Petraeus's father had been at sea with a Dutch ship when Germany invaded Holland in May of 1940. According to Petraeus's only sibling, his older sister, Carol, their father's ship had just arrived in New York City when he received the news that the Netherlands had been overrun. There was no way he could return to Holland. He found himself and his crew welcomed in New York at a soldiers-and-sailors event in a local auditorium in the Seamen's Church Institute. One of the event coordinators he met was the petite and pretty Miriam Howell, a librarian who had attended Oberlin College, in Ohio. Sixtus and Miriam were married in April 1941 in the Ocean Avenue Congregational Church, in Brooklyn, New York. Soon after, Sixtus and most of his shipmates signed on with the U.S. Merchant Marine, and ultimately he became a U.S. citizen.
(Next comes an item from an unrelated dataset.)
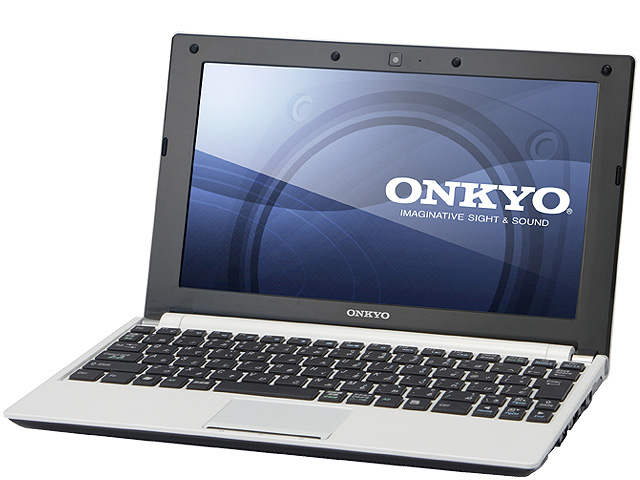 DC405 �̐��i�摜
Born near Rotterdam, Sixtus and his family were originally from the Friesland area, in the northern part of Holland. This area was distinct from the country's eleven other provinces, with its own dialect, its dense agricultural production and its heavy presence of windmills. “I'm not Dutch; I'm Friesian,” Sixtus would sternly tell his new friends in the community, in his thick accent.

On his mother's side, David Petraeus was English. Miriam Howell's great-great-great-grandfather was a lord of Westbury Manor, where his son, Miriam's great-great-grandfather Edward Howell, was born in 1584. Edward Howell's family emigrated to New England as part of the “Great Migration” of the English Puritans, landing in Lynn, Massachusetts, in the 1630s.

After gaining his citizenship, Sixtus quickly found a new home. The U.S. Merchant Marine was desperate for experienced sailors. It was losing sailors faster than they could be generated. With his experience and English skills, Sixtus was promoted in the subsequent years and quickly rose in rank, eventually becoming a captain in 1945. He was one of a corps of decorated Merchant Mariners whom the Russians would later recognize with a medal of achievement—in part for having survived a convoy to Murmansk, an extremely dangerous mission in which numerous ships typically were sunk by German U-boats operating from Norwegian fjords. 

After the war, Sixtus and Miriam moved to Cornwall-on-Hudson, a “Norman Rockwell community” along the Hudson River with a little white church and steeple on the village's Main Street. The two were active in their church, paid cash for everything they bought, including their house, and kept a low profile in local politics.

Sixtus's career at sea meant that he and Miriam, a town librarian, wouldn't have children until later. Carol was born in 1947, David in 1952. Their simple life in Cornwall consisted of few faraway adventures but plenty of East Coast ski trips (Sixtus remained a member of a downhill ski club into his seventies), camping trips in local state parks, and trips to historical sites in New England—visiting Concord and Walden Pond and beyond and reading excerpts from history books and relevant literature along the way. The Petraeuses' backyard had ropes for climbing, a pull-up bar, a baseball backstop, a basketball hoop and various sports equipment; there were always soccer balls and baseball bats lying around. The simple two-story, one-and-a-half bathroom, four-bedroom house was rich with books and newspapers. Petraeus's mother was, at times, overly attentive and prone to worrying, but she adored her children and, as a librarian and a lover of Charles Dickens and other classics, took great care in Petraeus's intellectual development. Miriam wanted her son to go to Oberlin College, where she and all her cousins had received their degrees. But for a boy growing up seven miles from West Point, the allure of the U.S. Military Academy was irresistible.